▶ [Your objective] Using the entries below, copy exactly each line from the line with "NWT, Hawaii Foodland" up to and including the line with "Gite De La Tour", with every picture left out.

▶ [Excerpted records]
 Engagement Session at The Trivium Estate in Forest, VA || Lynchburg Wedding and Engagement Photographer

==

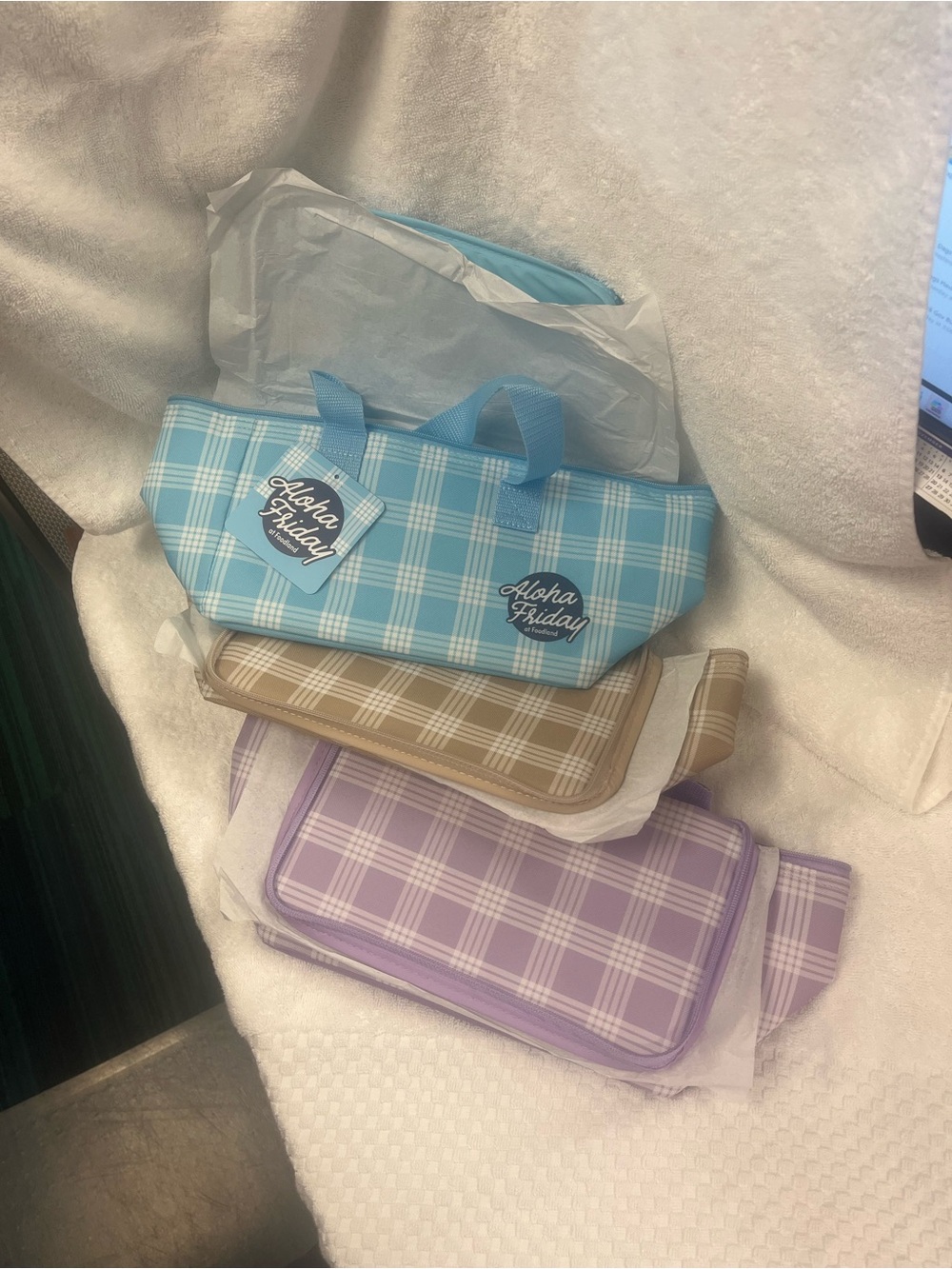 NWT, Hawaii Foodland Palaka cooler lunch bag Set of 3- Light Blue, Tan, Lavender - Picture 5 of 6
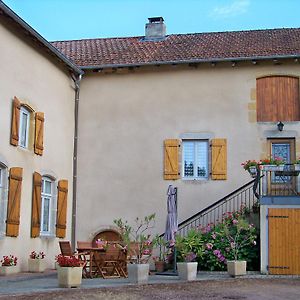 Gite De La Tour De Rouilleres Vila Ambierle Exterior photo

▶ [Solution to the problem]
 NWT, Hawaii Foodland Palaka cooler lunch bag Set of 3- Light Blue, Tan, Lavender - Picture 5 of 6
 Gite De La Tour De Rouilleres Vila Ambierle Exterior photo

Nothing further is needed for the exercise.